Источник

68. Полемика продолжается

Полемика по вопросу: есть ли надежда на спасение души ересиарха Толстого, все еще продолжается. Г. Поселянин напечатал в «Колоколе» второй мне ответ, на который пришлось опять отвечать. Словом, тот психологический закон, о котором говорил я прошлый раз, по которому наши писатели стараются всячески оправдать свою ошибку, хотя и сознают ее, проявился и в данном случае. Что ж делать? Г. Поселянин может думать, что именно в силу этого закона и я с ним полемизирую, но ведь я-то говорю не от своего имени, а от имени Церкви, а он высказывает только свои личные мнения и предположения.
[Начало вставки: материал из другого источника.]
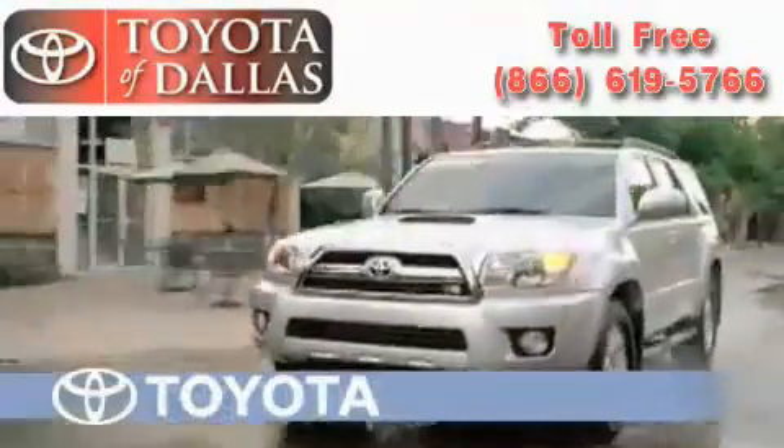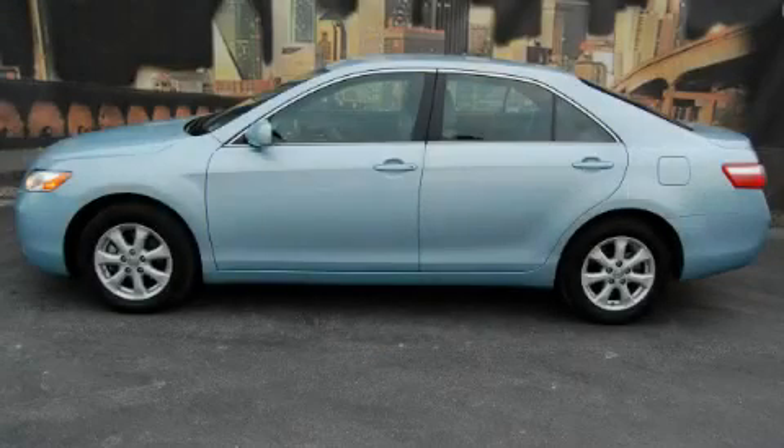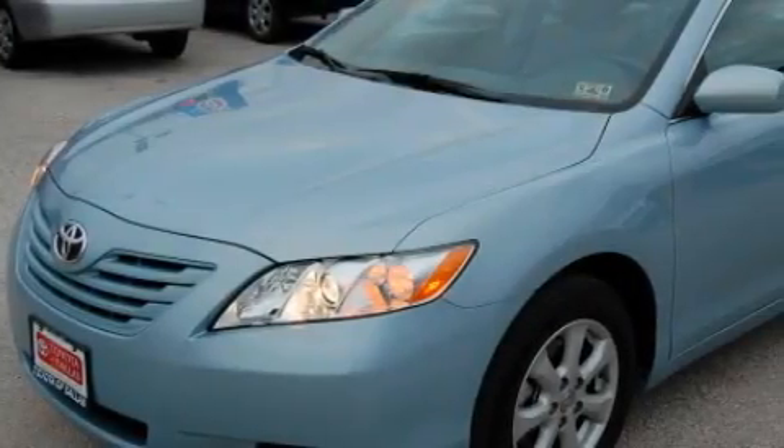Another fine vehicle offered by Toyota of Dallas. This is a certified pre-owned 2009 Toyota Camry. Great handling, great comfort, a great ride.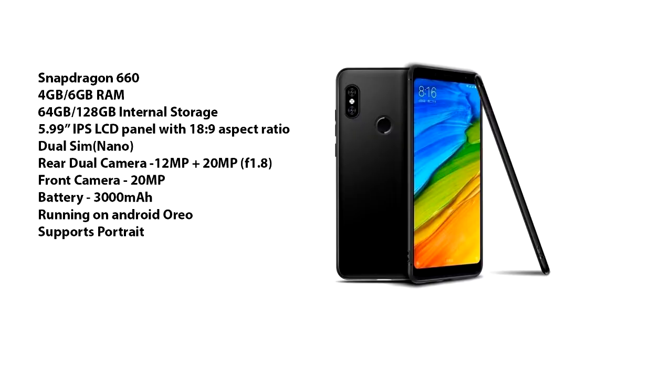Mi A2 runs on Snapdragon 660 with 4GB or 6GB of RAM and 64GB and 128GB of internal storage respectively. It has a 5.99 inch IPS LCD display panel with 18x9 aspect ratio. The dual camera setup is 12MP and 20MP with f1.8 aperture. It has a 3000mAh battery running on Oreo.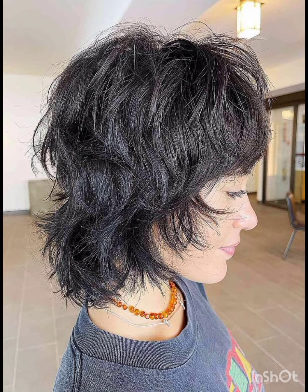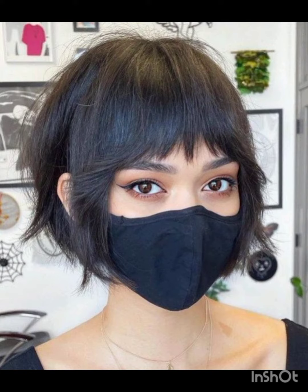Pixie cuts can be enhanced with various accessories to add flair and personality. Consider trying headbands, hair clips or bobby pins, scarves and bands, hats, and statement earrings. Choose thin headbands to keep hair off your face or add a pop of color. Use stylish clips or pins to create different looks and secure sections of your hair. Tie a scarf or band around your head for a chic look.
Послушайте вот, что пишет он в «Колоколе».

Заключительное письмо преосвященному Никону Вологодскому

С теплым чувством прочел я благостный ответ преосвященного Никона Вологодского.

С присущею ему ревностью владыка излагает свои взгляды на то, что он считает оплошностями в моих строках относительно некоторого упования, которое смягчает беспросветность осуждения и гибели души умершего графа Л.Н. Толстого.

Не могу не согласиться с владыкою, что опасно вторгаться в ту область Божественной жизнедеятельности, о коей сказано: «несть ваше разумети», и, быть может, правильнее всего смиряться без рассуждения и давить в себе мысль, ищущую выхода в положениях тяжких.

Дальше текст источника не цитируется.